Recently some students have told me that I’m funny. Comedy funny, not strange funny, though I’m sure I’m that too. I’m taking that as a complement. Last night I had a lesson with the 16-year-old who wants to become a pilot. His head is very firmly screwed on, and he’d rather not spend (waste?) four years at university, as his dad would like him to do, before starting his pilot training.

Under nine days till I fly to the UK. I still haven’t properly thought about it.

Wheely scary

Yesterday I had a look at the bright blue 2006 Peugeot 307. A diesel, which I’ve never had before. Diesels get a terrible press from all the ghastly shite they pump into the atmosphere. The guy I met outside the cash-and-carry was young. It was registered in his mum’s name – she was born in 1973. It only had 133,000 km on the clock – I hope that’s genuine – and both the car and its vendor were the least dodgy I’ve come across so far. It had air con, an absolute must here, plus a load of fancy computery stuff that looked beyond me even though I’m sure it’s already old hat – every car I’ve ever owned before was built last century. Its warrant (or ITP as they call it here) runs out in July. So today I bit the bullet. It was going for €2250, I offered €2000, he bumped that up by €100 and we had a deal.
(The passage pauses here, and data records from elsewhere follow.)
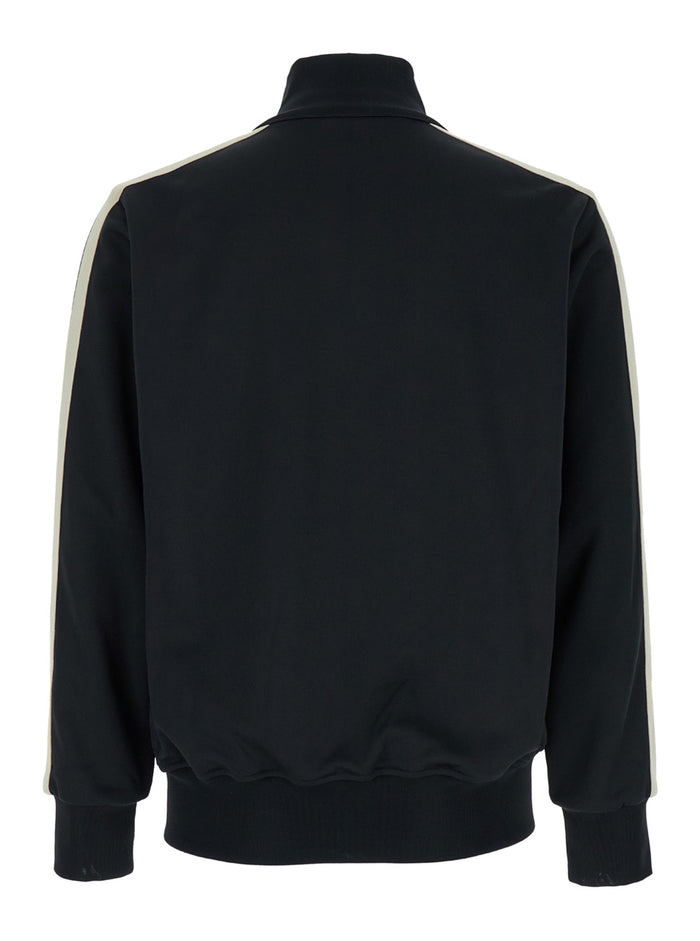 Black High Neck Sweatshirt With Logo Lettering On The Front Tech Fabric Man Polyester Sweatshirts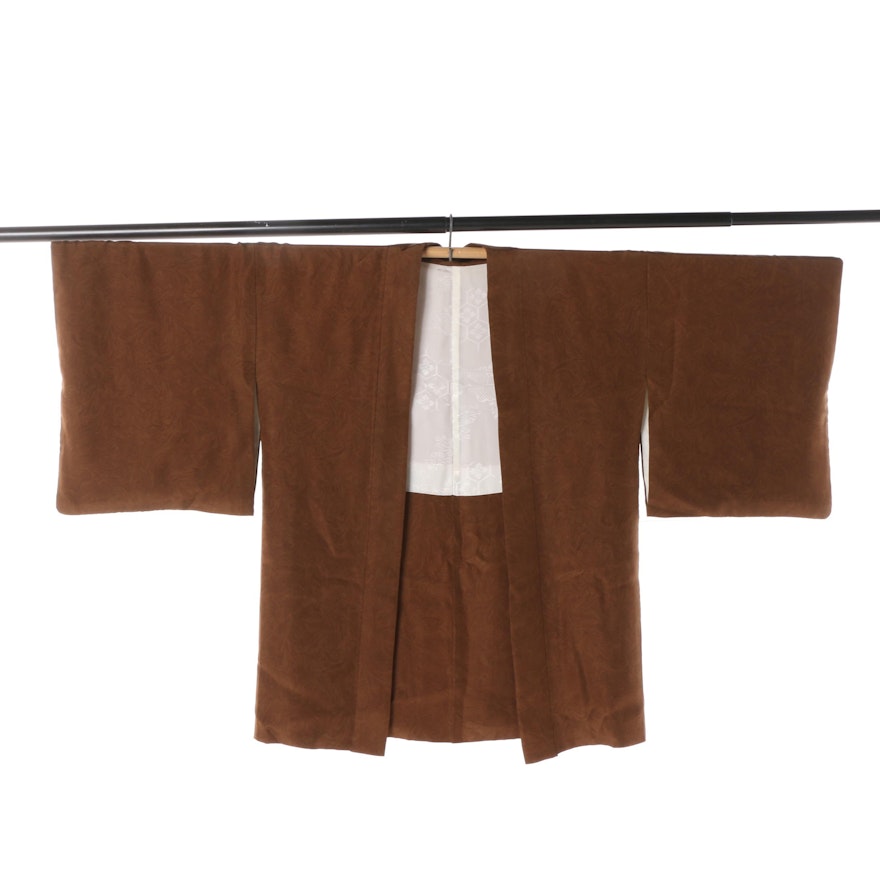 Men's Vintage Japanese Brown Silk Damask Haori Jacket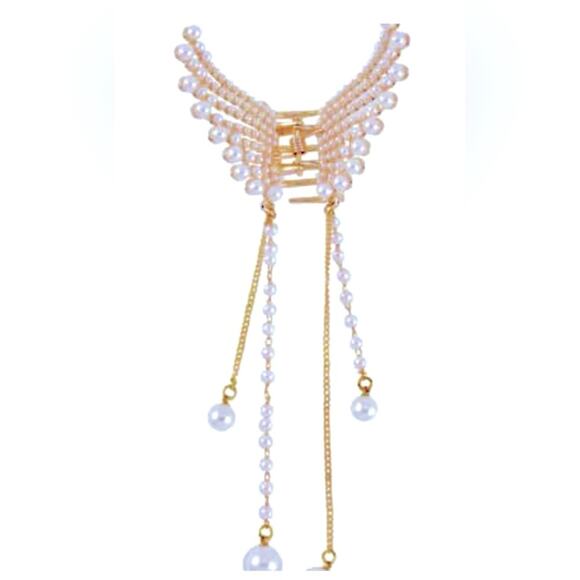 Set of 2 Hair Accessories-Butterfly and Rose with Simulated Pearls & Crystals - Picture 2 of 5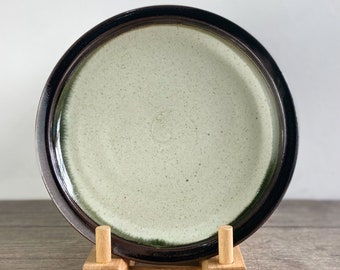 Black and pale green dinner plate, Wood-fired plate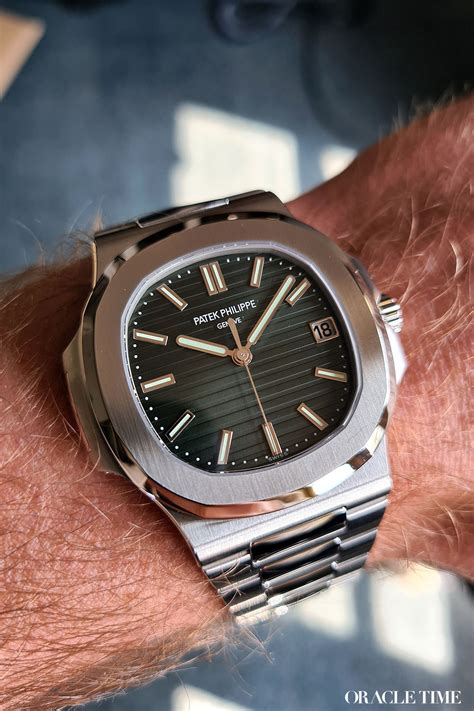 patek nautilus wrist|patek 5711 nautilus.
This morning I met him back at the cash-and-carry, armed with the 21 green euro notes I’d just withdrawn from the bank. (He said he’d accept either euros or lei; I had €2800 in my euro account – that I rarely use – after buying this flat and receiving the odd payment for lessons with the German girl.) On the way I met the mother of the 12-year-old boy I’d be seeing this afternoon. I was early and nervous as anything. I popped into the store to use the loo. Near the entrance were a variety of football tables for sale. I think my parents still have the one I had as a kid. I wondered why table football always uses a 2-5-3 formation. Then he turned up and we drove to the village hall in Sânandrei where I met his mother – they made copies of my residence permit and I had paperwork to sign – and blow me down (as my mother would say) I saw the mother of my 12-year-old student again. What on earth are you doing here? The business at the village hall was only the start of all the bewildering bureaucracy I’ll have to contend with now that I’ve bought a car. This took nearly an hour, then I was free to go.
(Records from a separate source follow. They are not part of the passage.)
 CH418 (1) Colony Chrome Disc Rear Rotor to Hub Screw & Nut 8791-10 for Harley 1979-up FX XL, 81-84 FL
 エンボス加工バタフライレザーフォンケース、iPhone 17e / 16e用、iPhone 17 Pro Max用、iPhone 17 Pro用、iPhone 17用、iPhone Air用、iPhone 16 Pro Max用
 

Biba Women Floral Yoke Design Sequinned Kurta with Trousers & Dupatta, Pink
But my god, It had been seven years since I last properly drove, and I was in a completely new car. The Sânandrei bit wasn’t too bad – take it nice and slowly, no rush – then I hit the city. Roundabouts and lane changes and bugger me, can I even do this again? I got hooted at just once. I wish I had an L-plate on the back (here it’s an exclamation mark) or a great big neon poo to tell everyone just how out of practice and shit-scared I was. For some of the way I was behind a car whose number plate was TM 13 DIE. When I finally parked just round the corner from my block, I breathed one hell of a sigh of relief.

In theory this will be good, and I’ve always been a fan of French cars after living in France in 2000-01 and seeing all manner of shapely jalopies on the roads, but driving again will take some getting used to and I’ve just injected another layer of life admin which I could do without. I won’t get the chance to drive again until Sunday because I’ve got a packed schedule of lessons until then. And no I won’t drive to lessons in the city. Not yet anyway, that’s for sure.

Last night I watched bits of Blues’ home game against Middlesbrough. In a far cry from their win over Sunderland last month in front of a full house, the crowd – sparser this time – sounded nervous. Panic had set in; the spectre of relegation with a capital R was hanging over the place. Middlesbrough scored the only goal – a very good one – in the 16th minute, while Blues were dire from what I saw. Since Tony Mowbray’s serious illness forced him to step down, the stuffing has been knocked out of the team. Keep playing like they did last night, or the two games before that, and they will be relegated.